**Work to complete:**
From the line that contains "Pera Indeterminado, FITO" down to the final line of the listing below, set down every line exactly, both ends included, and drop the pictures.

(Extracted entries)

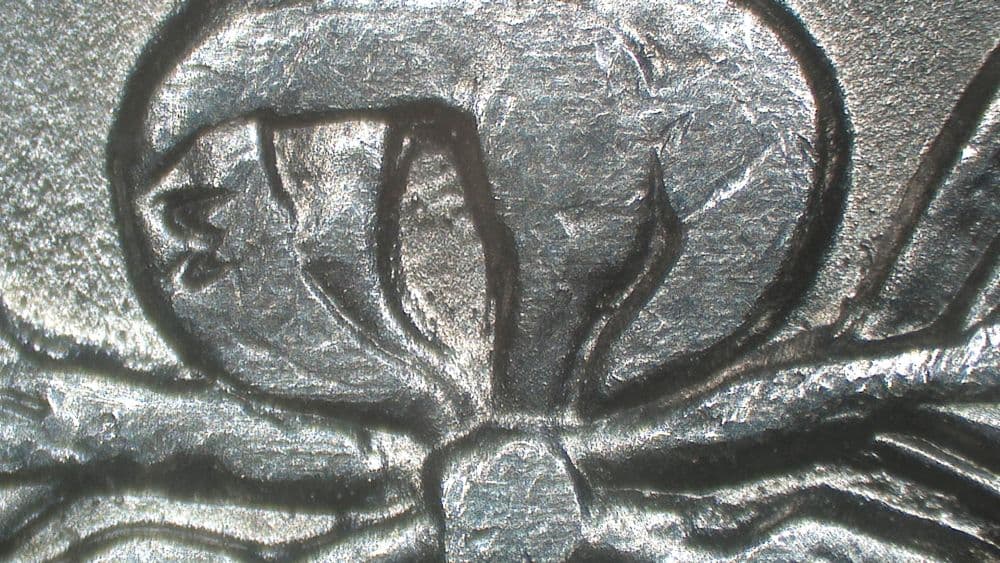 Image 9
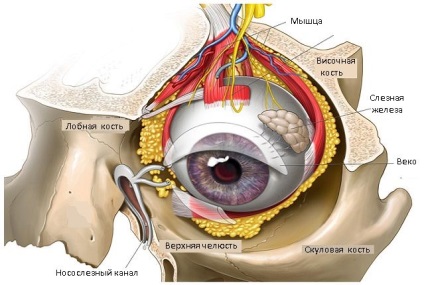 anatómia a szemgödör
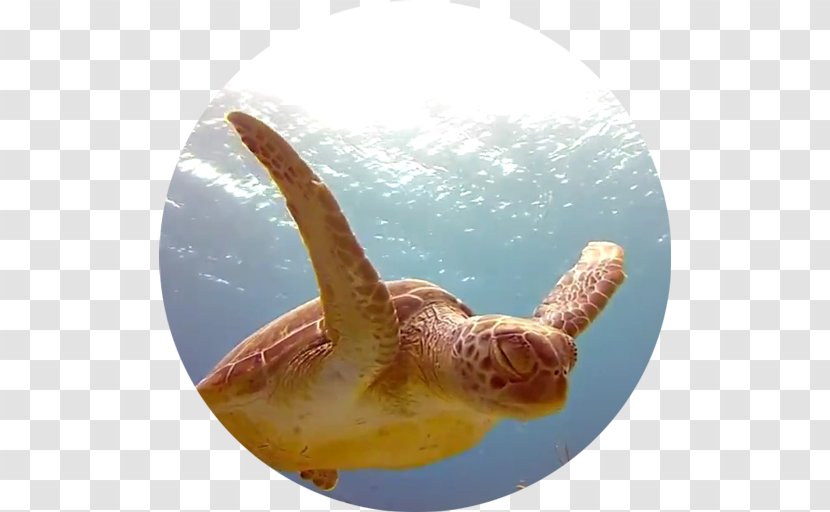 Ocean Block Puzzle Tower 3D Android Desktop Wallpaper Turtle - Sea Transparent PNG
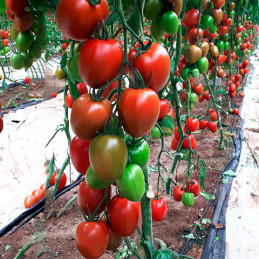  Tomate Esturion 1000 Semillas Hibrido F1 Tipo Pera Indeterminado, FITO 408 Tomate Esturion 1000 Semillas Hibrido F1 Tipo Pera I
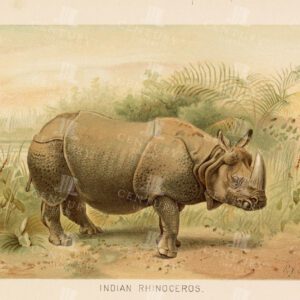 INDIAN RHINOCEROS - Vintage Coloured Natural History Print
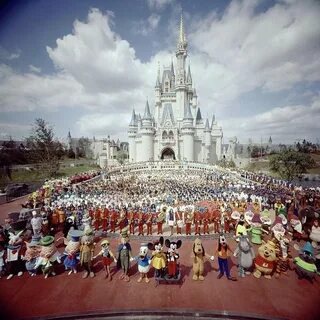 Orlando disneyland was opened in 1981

(End Extracted entries)

**Response to the task:**
  Tomate Esturion 1000 Semillas Hibrido F1 Tipo Pera Indeterminado, FITO 408 Tomate Esturion 1000 Semillas Hibrido F1 Tipo Pera I
 INDIAN RHINOCEROS - Vintage Coloured Natural History Print
 Orlando disneyland was opened in 1981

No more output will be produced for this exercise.